July 23, 2020
c/o The Office of the Governor
206 Washington Street
Suite 115, State Capitol
Atlanta, Georgia 30334
Re: Georgia Section 1332 Waiver Application
Dear Mr. Loke,
Thank you for the opportunity to comment on Georgia’s proposal to waive federal rules under the Affordable Care Act (ACA). I am writing on behalf of Georgia Budget and Policy Institute to provide our feedback about the ACA Section 1332 waiver.
We appreciate your team’s work to make several positive updates to the Georgia Access phase of the waiver plan, including maintaining the structure of the federal premium subsidies to ensure there is not a cap on subsidies available to Georgians and no longer allowing these subsidies to be used on non-qualified health plans. However, we are concerned about the plan to remove an option for Georgians to enroll for individual health insurance plans.
In our September 2019 analysis of 1332 waiver options, we outlined several approaches to utilize these waivers to help more people get enrolled in coverage – which is critical because 838,563 uninsured Georgians have incomes that could qualify them for subsidized health insurance. The most effective approach to help more uninsured Georgians already eligible for marketplace subsidies get enrolled is to invest in outreach and enrollment assistance. The federal government cut outreach and enrollment assistance by 86 percent from 2016 to 2018, making it harder to reach more people and get them enrolled. Additional outreach efforts must also be paired with assistance to reduce cost-sharing to make sure that coverage is affordable for Georgians with low-to-moderate incomes.
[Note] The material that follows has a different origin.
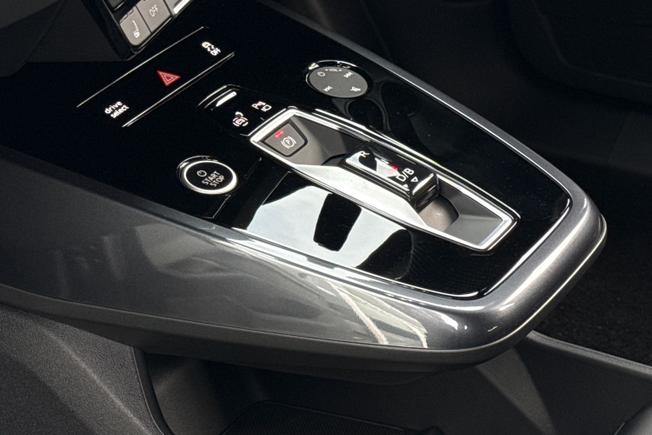 AUDI Q4 E-Tron Photo 43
This plan does not create any new paths to enrollment or provide targeted assistance to reach potential enrollees. Georgians can already enroll in health plans through private insurers and web brokers in the existing enhanced direct enrollment program. The Georgia Access plan anticipates a 25,000 increase in enrollment due to web broker marketing efforts. Brokers already market to and enroll people in individual health coverage today and this waiver plan does not make it clear how these efforts will be any different. And evidence from past transitions from federal to state marketplaces suggests that thousands of Georgians might lose coverage in the move away from HealthCare.gov. If the state wants to utilize brokers to increase enrollment as envisioned in the plan, it can do so without taking away the centralized, unbiased platform offered by HealthCare.gov.
Direct enrollment entities have a track record of steering consumers toward substandard plans that expose them to catastrophic costs if they get sick, failing to alert or assist consumers when they are eligible for Medicaid, and making it difficult to compare plans. Limiting enrollment to such private companies while dismantling healthcare.gov’s centralized enrollment platform and consumer assistance will likely cause some Georgians to lose coverage altogether. It additionally gives web brokers and insurers increased opportunity to steer healthy consumers to substandard plans, resulting in adverse selection that could increase premiums for comprehensive coverage.
Despite our concerns related to the Georgia Access portion of the state’s waiver application, Georgia Budget and Policy Institute reiterates our support for the reinsurance phase of the plan, particularly how it is structured to provide greater benefits to rural areas where premiums are often higher.
Thank you in advance for your consideration of our comments on Georgia’s Section 1332 waiver application.